Expecting to be inspired all the time is like expecting Don Draper to remember someone’s birthday. In theory, it seems great, but you’re a fool to count on it.

When writing professionally or when you’re starting down that road, you can’t wait for inspiration. Amateurs and hacks do that, not you. There are scary deadlines and stellar clients waiting for you to deliver — and deliver big, so quality has to come from those fingertips and the big piece of mush you call a brain. I can’t tell you how many times I was up at 2 AM grinding away on something when I really felt like going to bed or eating a full pizza while watching Three’s Company re-runs. But I got it done.

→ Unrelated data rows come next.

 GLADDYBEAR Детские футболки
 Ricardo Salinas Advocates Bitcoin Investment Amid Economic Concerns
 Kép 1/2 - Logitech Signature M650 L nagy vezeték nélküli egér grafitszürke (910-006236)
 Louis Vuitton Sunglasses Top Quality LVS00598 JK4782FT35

We all have the inspiration of Jeff Spicoli in math class sometimes. Ask ten different creative people how to beat this and you'll probably get ten different ideas. That's the beauty of creativity. One thing I do that really helps me is keeping a folder in my Evernote that’s called, “Writing I Love.” Corny, yes, but referring back to these works of art with I have nothing in the tank works wonders for me. Sometimes they’re short stories, other times articles, but can also just be a line or passage that blew me away.

Those pieces inspire me to put my ass in the chair and bang away at the keyboard like a monkey in heat. It’s also a reminder that in order to create your best work sometimes you need to push through the fog until you come out the other side. I imagine the stellar work in my Evernote coming only after the writers pushed through a rough patch where all they wanted to do was quit and hang with their friends, but instead they produced gold. It’s a huge secret to becoming good at anything; when it seems impossible and all you want to do is quit, don’t. That’s when you make the biggest gains and improve the most. Unfortunately, that’s when most people quit. Damn shame, but good for those of us who crank through the humiliation and confusion to come out the other side.

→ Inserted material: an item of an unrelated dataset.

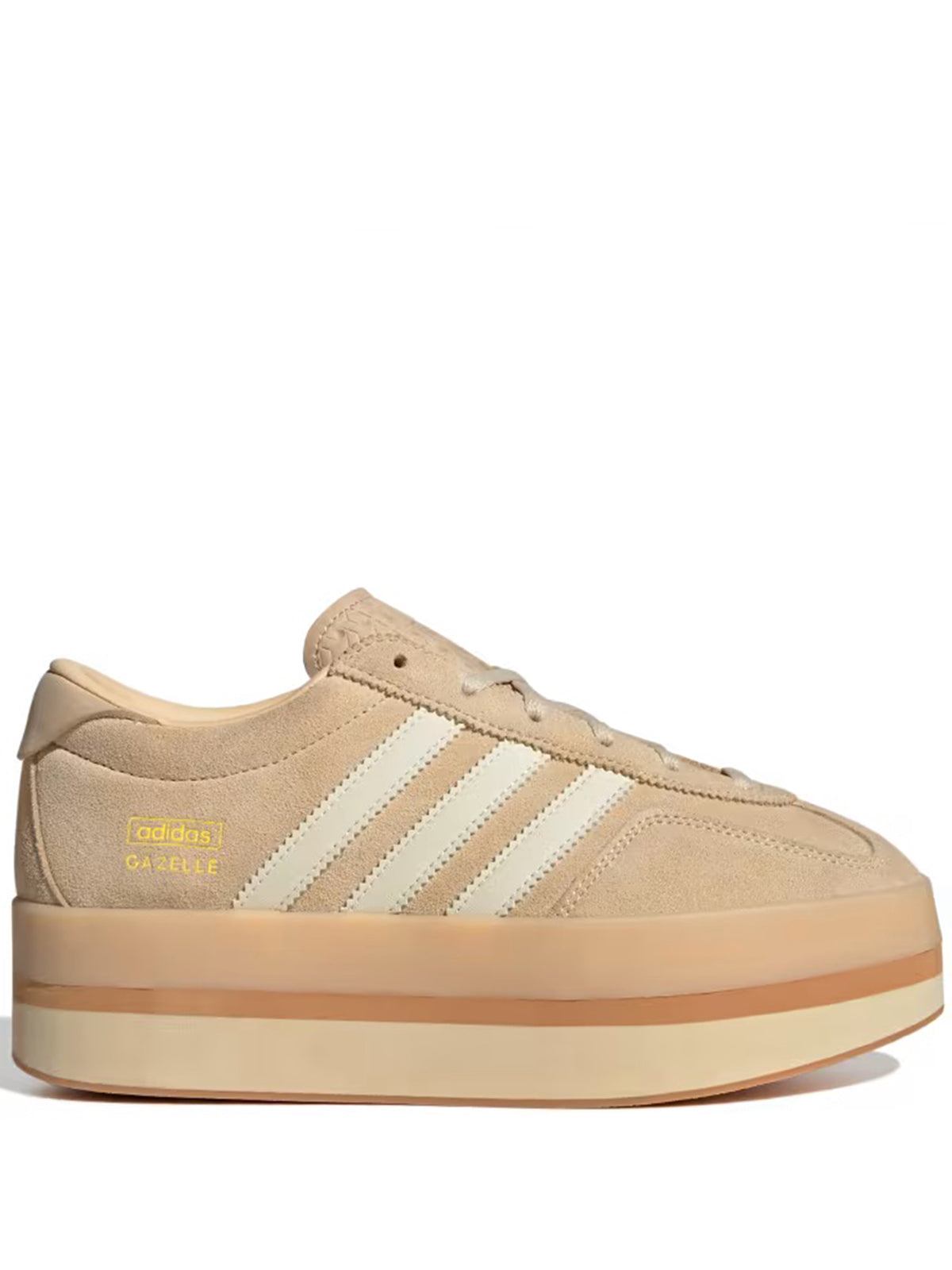 Adidas Originals SNEAKERS Beige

The pieces below are just a few of my favorites, but it’s a good representation of the kind of work that can light a fire and get things going in the right direction. I like the wide variety of approaches they take, which can help depending on what you're working on. Or just your mood. You have the greatest writer of our generation, a blogger, a frat-boy sportswriter and someone who details the pain of life like few others.

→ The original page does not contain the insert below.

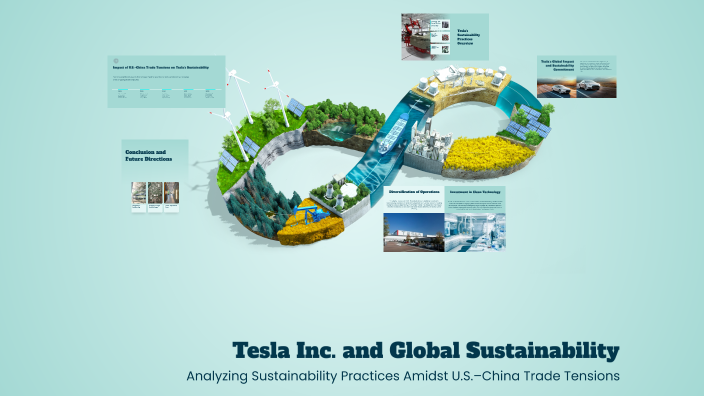 Tesla Inc. and Global Sustainability by Accounting Concepts on Prezi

Federer as Religious Experience, David Foster Wallace Wallace is the greatest writer of our generation. No, he didn’t sell the most, have everything he touched made into a movie or reach rock star status like John Grisham or authors who write about near-sighted wizards. He did something much more impressive: he was able to make things you don’t care about seem like the most interesting thing in the world. That’s the great secret of writing; making things interesting. He made a piece about tennis interesting, and I don’t even like tennis.

How to Leave a Teenager Alone, Mike Sager Sager is an author and a longtime writer at Esquire (who still have some of the greatest writers) and writes in a way that reminds you that you’re not the only one that life serves a shit sandwich to sometimes. Here he takes on what the roller coaster ride is like when parenting a teenager. It's so true and makes you think.

When You’re Lost Don’t Hide, Penelope Trunk People love or hate her, and sometimes both, but Penelope is a gifted writer who bleeds on her computer with each new blog post she writes. We’re all crazy, she just admits it.

Growing Queasy in the Big Easy, Bill Simmons This article launched the career of Bill Simmons and really vaulted him from writing a blog in his undies to being media royalty at ESPN as a studio host on NBA Countdown and the Editor-in-Chief of Grantland. This article about his week in New Orleans for the Super Bowl is fall on the ground funny and also signaled to writers everywhere that you could make a career writing on the web.

I also keep TV shows and movies on my DVR with the trophy-like branding of "keep until I delete" when I'm blown away with the writing or structure. I saved damn near every Mad Men from the 2012 season because the writing was so good that it made me want to drop everything and write like a maniac.

Give it a shot. Start saving things you love and refer back to them when you need a little kick in the ass. Or just bookmark this article and use mine. That’s what I’m here for.